Уговоры, полагаю, происходили вот как:
Макс, отведя самого лютого в сторону:
— Ты, как самый умный и сильный, скажи, пожалуйста, им, что велосипед, во-первых, невкусен, во-вторых, мне нужен, а им нет. Скажи еще, что очень неприлично нападать на безоружного и одинокого. И еще непременно напомни им, что они овчары, то есть должны стеречь овец, а не волки, — то есть не нападать на людей. Теперь позволь мне пожать твою благородную лапу и поблагодарить за сочувствие (которое, пока что, вожак изъявил только рычанием).
Так ли уж убежден был Макс в человечности овчара или озверевшего красного или белого командира, во всяком случае он их в ней убеждал.

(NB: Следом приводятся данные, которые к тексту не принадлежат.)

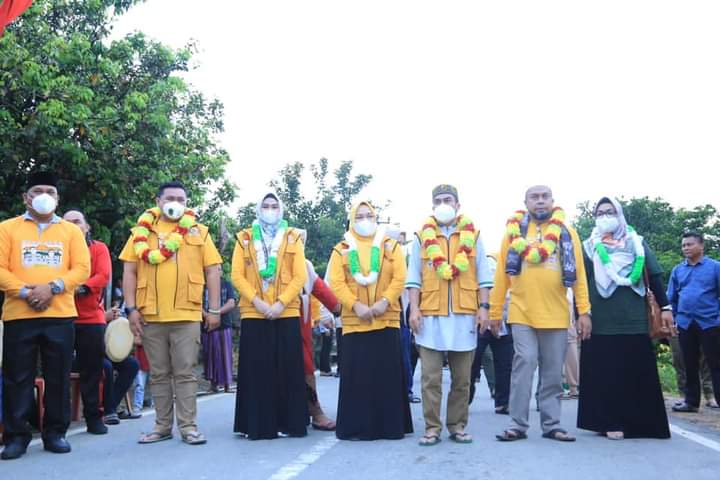 Bupati dan Wabup, Safari Subuh dan Ngantor di Desa Sibito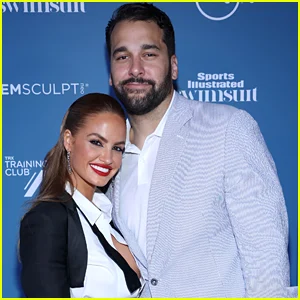 Os advogados de Matt Kalil criticam a ex-mulher Haley Kalil por tentar obter um processo judicial por causa dos comentários dela sobre o tamanho do pênis dele rejeitados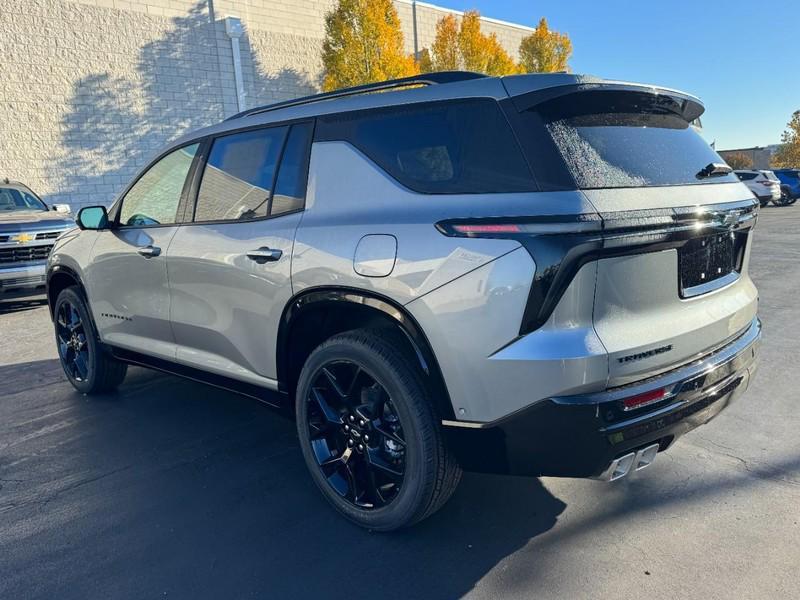 new 2026 Chevrolet Traverse car, priced at $54,395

Не сомневаюсь, что, когда, годы спустя, к его мирной мифической даче подходили те или иные банды, первым его делом, появившись на вызовы, было длительное молчание, а первым словом: «Я бы хотел поговорить с кем-нибудь одним», — желание всегда лестное и требование всегда удовлетворимое, ибо во всякой толпе есть некий (а иногда даже несколько), ощущающий себя именно тем одним. Успех его уговоров масс был только взыванием к единственности.
Чтобы кончить о собаках. Два года спустя — я ту зиму жила в Феодосии — редкий праздник явления Макса, во всем тирольском рубчатом — как мельник, или сын мельника, или Кот в сапогах.

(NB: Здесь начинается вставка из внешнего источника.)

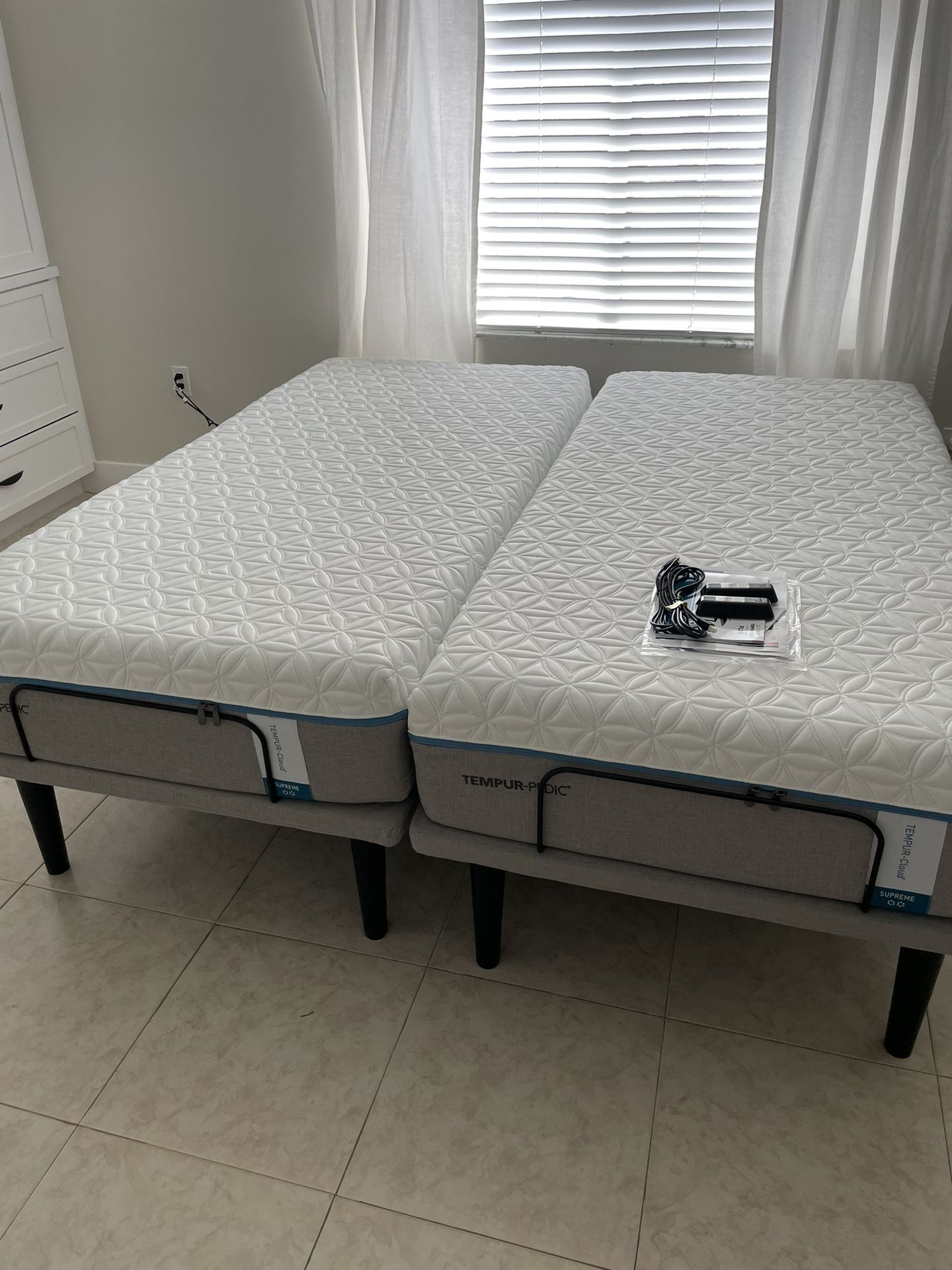 Split King TEMPURPEDIC Cloud Supreme Mattress with Ergo Plus Adjustable Bed Base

— Марина! А я к тебе гостей привел. Угадай! Скорей, скорей! Они очень волнуются.
Выбегаю. За спиной Макса — от крыльца до калитки, в три сторожевых поста, в порядке старшинства и красоты: Лапко — Одноглаз — Шоколад.
— Марина! Ты очень рада? Ты ведь по ним соскучилась? Нужно знать всю непонятность для Макса такого моего скучанья и степень уродства Шоколада и Одноглаза, с которыми ему пришлось идти через весь город, чтобы по достоинству оценить этот приход и привод.
В революцию, в голод, всех моих собак пришлось отравить, чтобы не съели болгары или татары, евшие похуже. Лапко участи избежал, ибо ушел в горы — сам умирать. Это я знаю из последнего в Москве письма Макса, того, с которым ходила в Кремль, по вызову Луначарского, доложить о голодающих писателях Крыма.
__________
К зиме этого собачьего привода относится единственная наша новогодняя встреча с Максом за всю нашу дружбу. Выехали в метель, Сережа Эфрон, моя сестра Ася и я. В такой норд-ост никто бы не повез, а пешком восемнадцать верст и думать нечего — сплошной сногосшиб. И так бы Макс нас и не дождался, если бы не извозчик Адам, знавший и возивший Макса еще в дни его безбородости и половинного веса и с тех пор, несмотря на удвоенный вес и цены на феодосийском базаре, так и не надбавивший цены. Возил, можно сказать, даром — и с жаром. Взгромоздились в податливый разлатый рыдван, Адам накрыл чем мог — поехали. Поехали и стали. Лошади на свежем снегу скользили, колеса не скользили, но чего не могут древнее имя Адам, пара старых коней и трое неудержимых седоков, которым всем вместе пятьдесят четыре года? Так или иначе, до заставы доехали. Но тут-то и начинались те восемнадцать верст пространства— между нами и Максиной башней, нами и новым 1914 годом. Метель мела, забивала глаза и забивалась не только под кожаный фартук, но и под собственную нашу кожу, даже фартуком не ощущаемую. Норд-ост, ударив в грудь, вылетал между лопаток, ни тела, ни дороги, никакой достоверности не было: было поприще норд-оста. Нет, одна достоверность была: достоверная снеговая стена спины Адама, с появлявшейся временами черно-белой бородой: «Что, как, панычи, живы?»